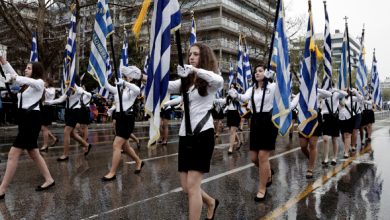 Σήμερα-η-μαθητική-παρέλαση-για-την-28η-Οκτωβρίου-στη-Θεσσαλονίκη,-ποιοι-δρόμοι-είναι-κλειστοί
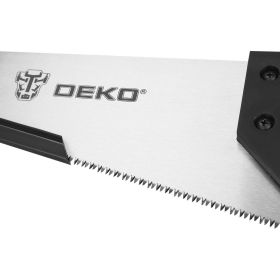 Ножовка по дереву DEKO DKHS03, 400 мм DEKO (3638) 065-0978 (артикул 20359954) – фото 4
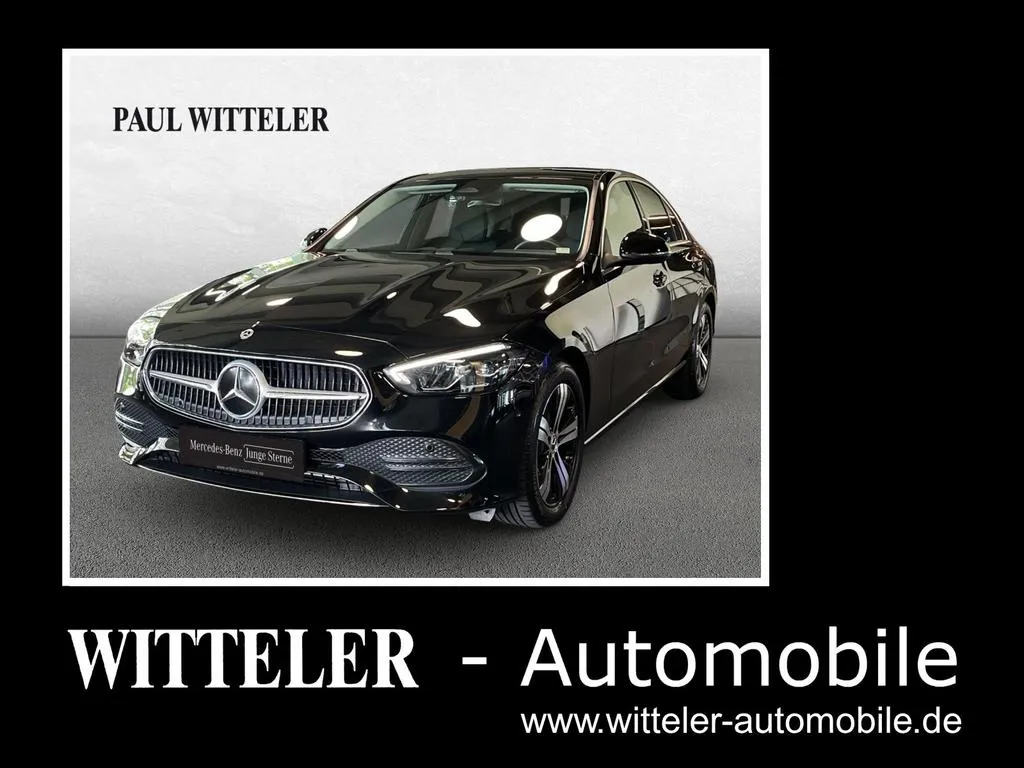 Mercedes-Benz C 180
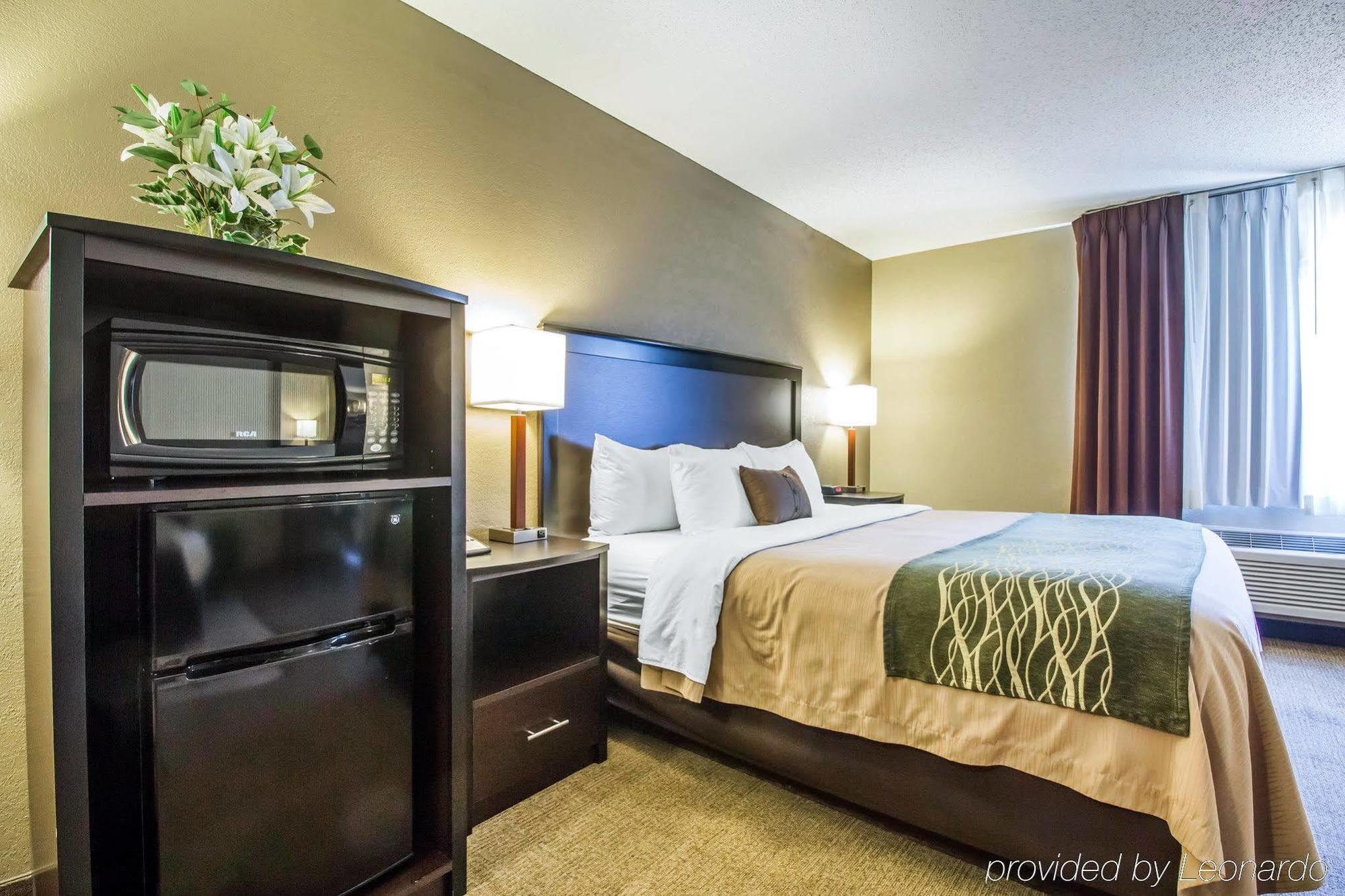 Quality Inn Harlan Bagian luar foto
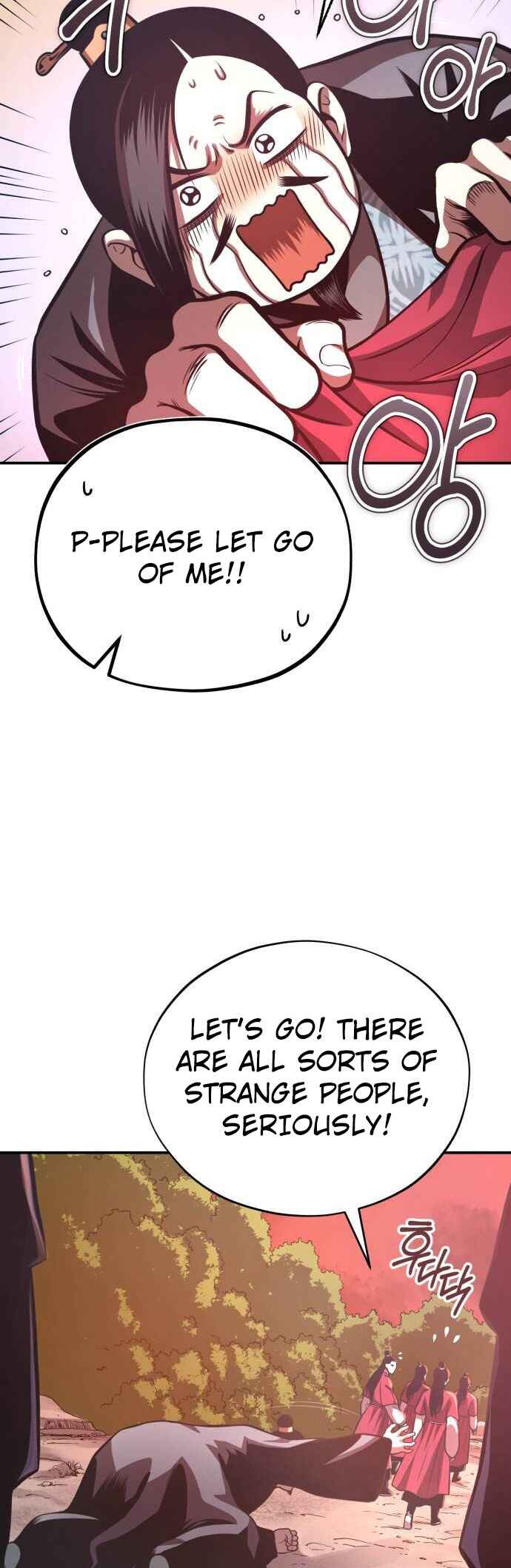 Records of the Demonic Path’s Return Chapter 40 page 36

════════

▶ _EXERCISE AIM_: All lines from the one with "Mercedes-Benz C 180" through the end of the records above must be reproduced exactly, both ends included, and the pictures must be left out.

▶ _TASK RESULT_:
 Mercedes-Benz C 180
 Quality Inn Harlan Bagian luar foto
 Records of the Demonic Path’s Return Chapter 40 page 36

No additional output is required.